Recurring partitions full and logrotate fails, possibly due to disabling /var/log/openqa as log target
There had been some alerts about space depletion on either / or /srv in the past days. This seems to have started on the afternoon of 2019-09-25 when /srv started to fill up. From 2019-09-26 on there are hourly spikes in the space usage on / increasing in size over time:
I assume that since coolo switched /etc/openqa/openqa.ini to not log messages to /var/log/openqa anymore we end up with openQA debug messages including SQL debugging and these messages seem to not only end up in the system journal but also in /var/log/messages.

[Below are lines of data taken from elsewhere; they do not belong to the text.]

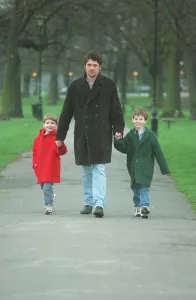 Dominic Taylor actor with his sons Arthur 6 in red coat Dominic Taylor actor with his sons Arthur 6 in red coat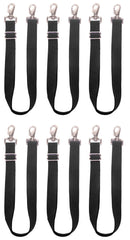 Loaged elastic leg strap pack 6 black for horse blankets ensures secure fit.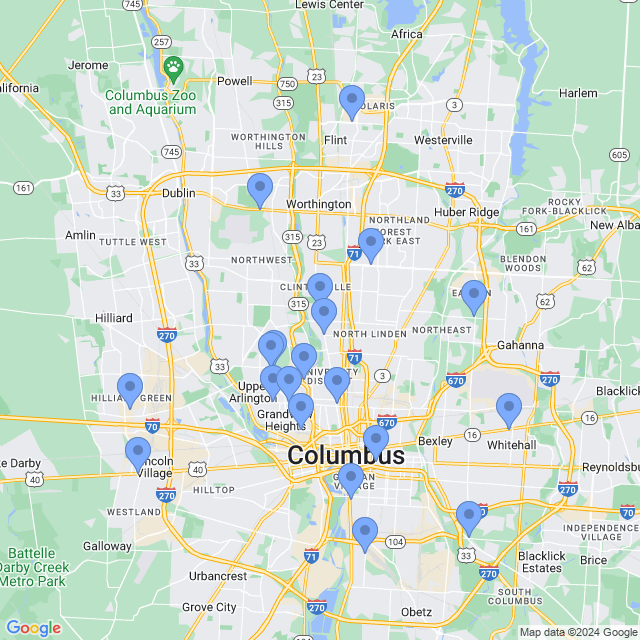 Map of veterinarians in Columbus, OH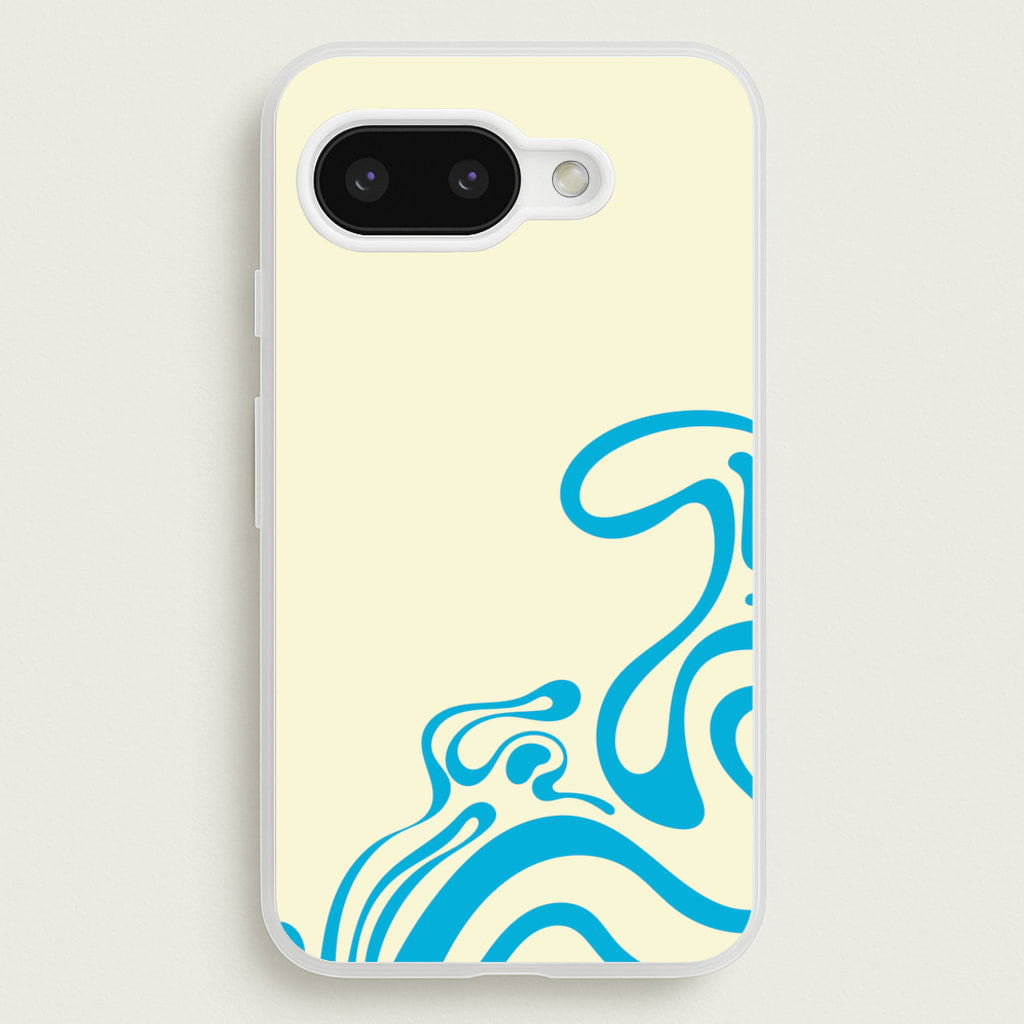 Blue Waves Corner Pattern - Summer Phone Case for Google Pixel 9a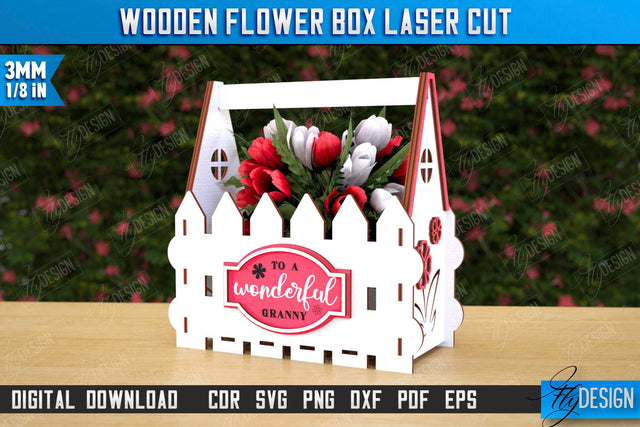 Mother's Day Flower Holder Laser Cut | Flower Box | Gift Idea | Flower Stand | CNC File SVG Fly Design 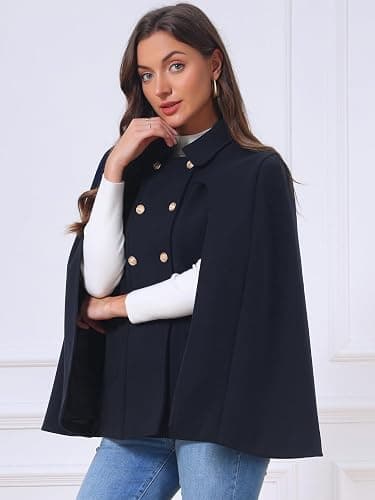 Allegra K Womens Cape Coat Winter Vintage Double Breasted Cloak Outwear | Slit Sleeve Elegant,Relaxed Cloak,Classic Peacoat,Winter Wrap with Pockets,Soft Overcoat,Business Casual Wear thumbnail 5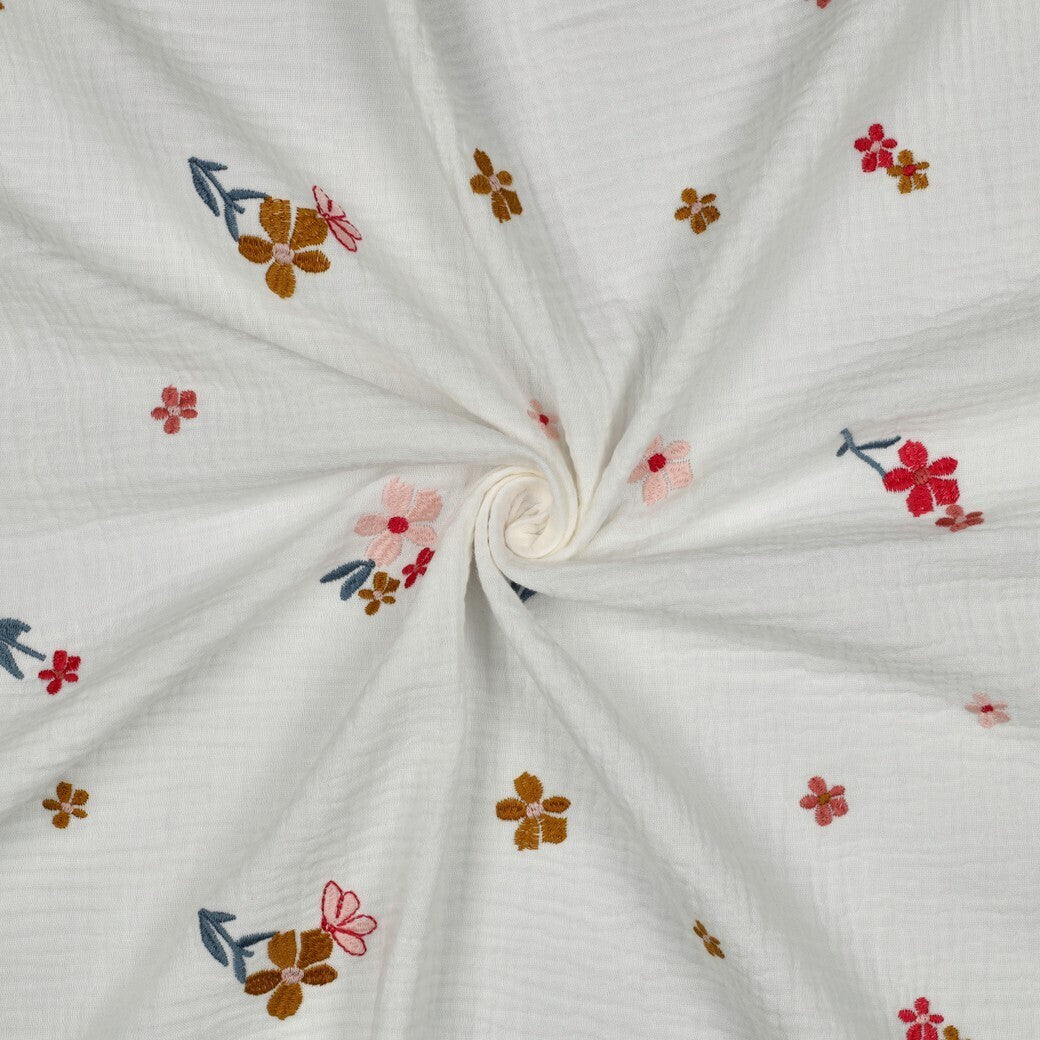 Musselin/Double Gauze Stickerei Blumen - bunt toffee/rosa/rot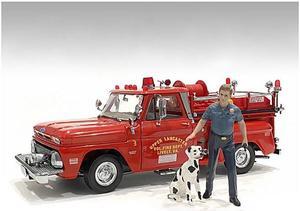 "Firefighters" Fire Dog Training Figures (Trainer and Dog) for 1/24 Scale Models by American Diorama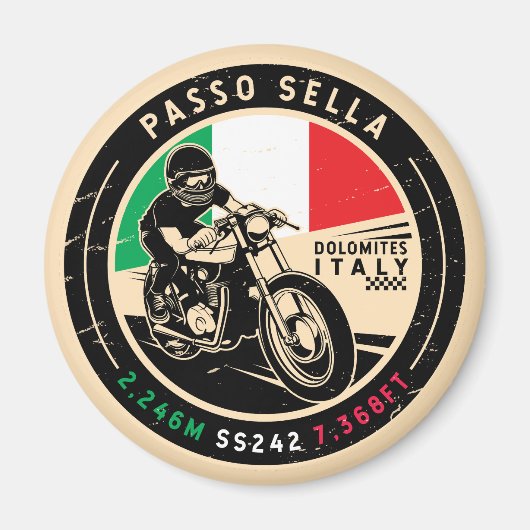 Passo Sella Italië | | Motorfiets Magneet (Voorkant)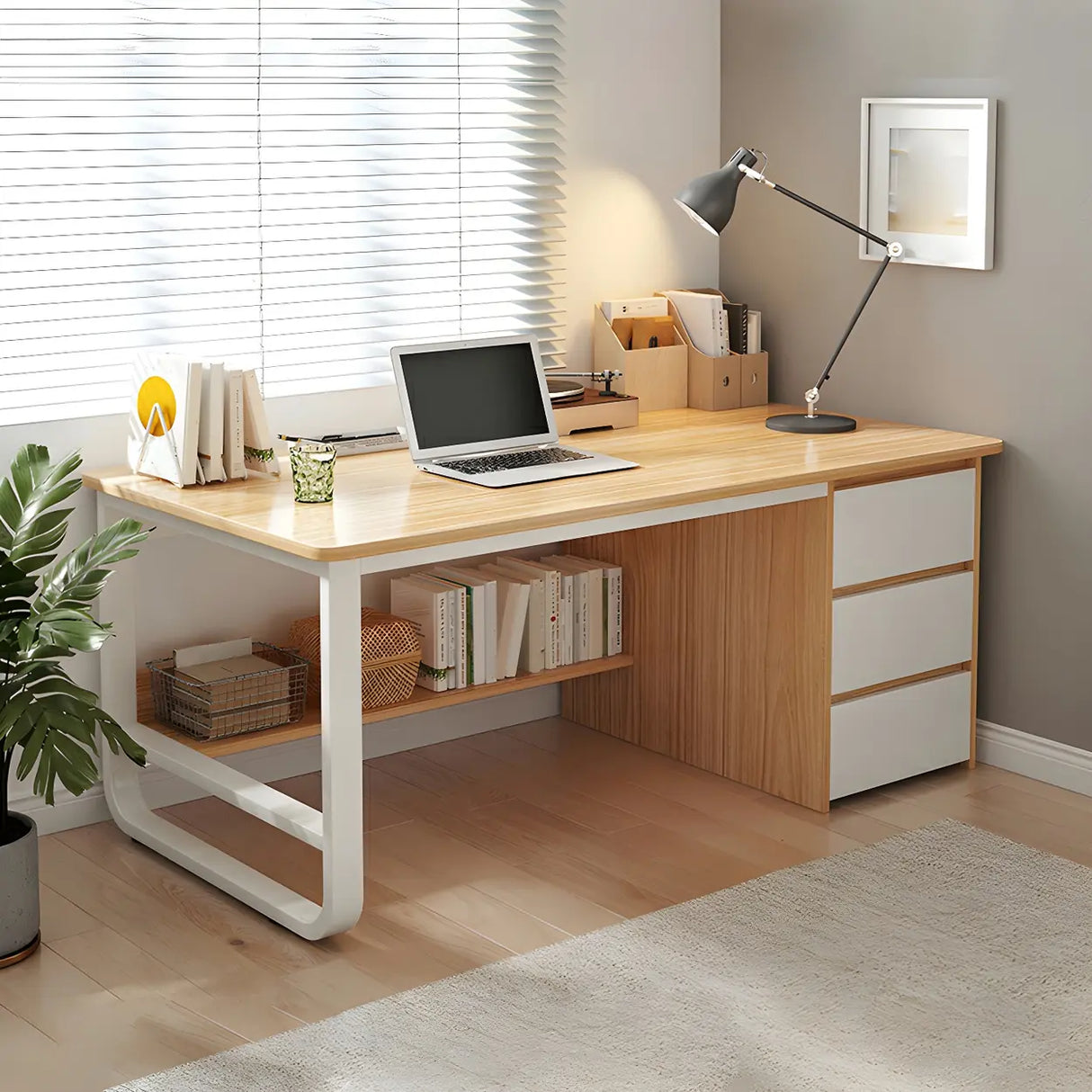 Modern L-Shaped White Wooden Desk with Drawers, 1-2 People Image - 4
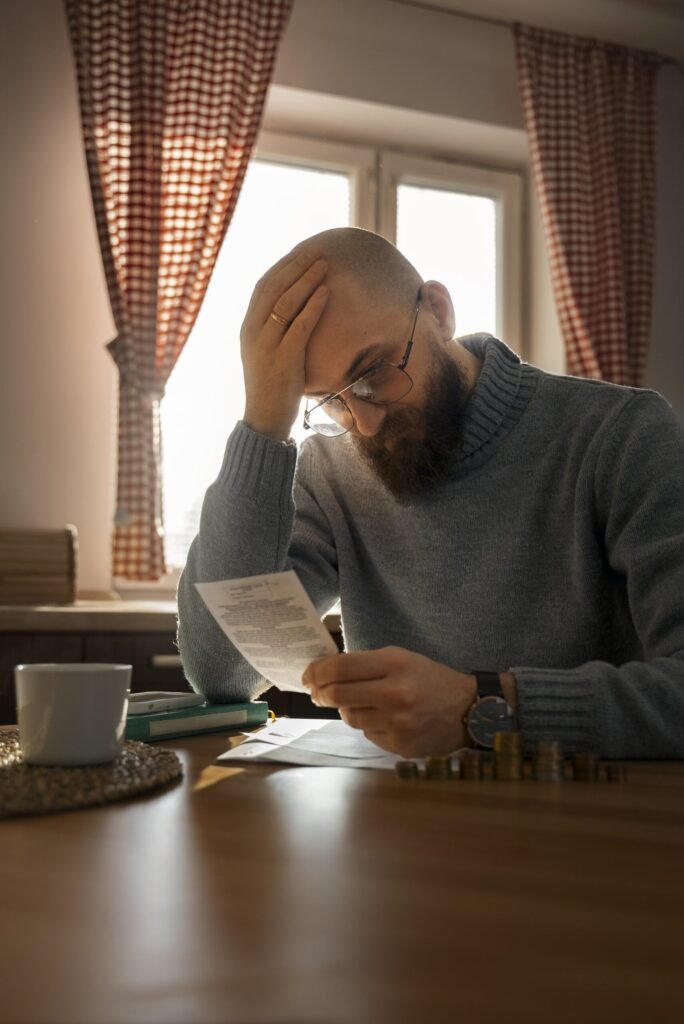 Frustrated man reviewing bills and finances after repeated failures with online income methods.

The logrotate service has failed because of out of space conditions and also /var/spool/mail/root shows the problem why / is running out of space on an hourly base:
Subject: Cron <root@openqa> /usr/sbin/logwatch --service dmeventd … cat: write error: No space left on device system 'cat '/var/log/messages-20190928' >> /var/cache/logwatch/logwatch.hghdmAm9/messages-archive' failed: 256 at /usr/sbin/logwatch line 772.
- As we do not have logwatch covered in http://gitlab.suse.de/openqa/salt-states-openqa I assume we do not need it anymore
- We should consider removing
syslog-serviceand instead configure a persistent journal by creating the directory /var/log/journal/ as we already do in https://gitlab.suse.de/openqa/salt-states-openqa/blob/master/openqa/worker.sls#L324
- Crosscheck after above two points how the space usage behaves, e.g. if openQA sql debug information is still written to /var/log/messages
#1 Updated by okurz almost 2 years ago
- Status changed from New to Feedback
- Assignee set to okurz
I checked if logwatch is using any special configuration and it seems not so I uninstalled the package. If we still need it we can simply reinstall it but should cover it properly with salt.
Backed up complete /srv/log/ to backup.qa.suse.de:/home/backup/osd/srv/log/ and removed syslog with
zypper rm -u syslog-service rsyslog. Made journal persistent by creating /var/log/journal/ . Manually triggered compression of log files that are not written to anymore and deleted the source files. Now we are back to sane space usage levels:
/dev/vda1 9.6G 5.8G 3.4G 64% / /dev/vdc 80G 47G 34G 59% /srv
If this turns out to be what we want we should do the same for o3.
We decided it's fine but we want back to /var/log/openqa to prevent spammy logs in minion jobs, e.g. https://openqa.suse.de/minion/jobs?id=264533 .
I have done the according changes now on both o3 and osd.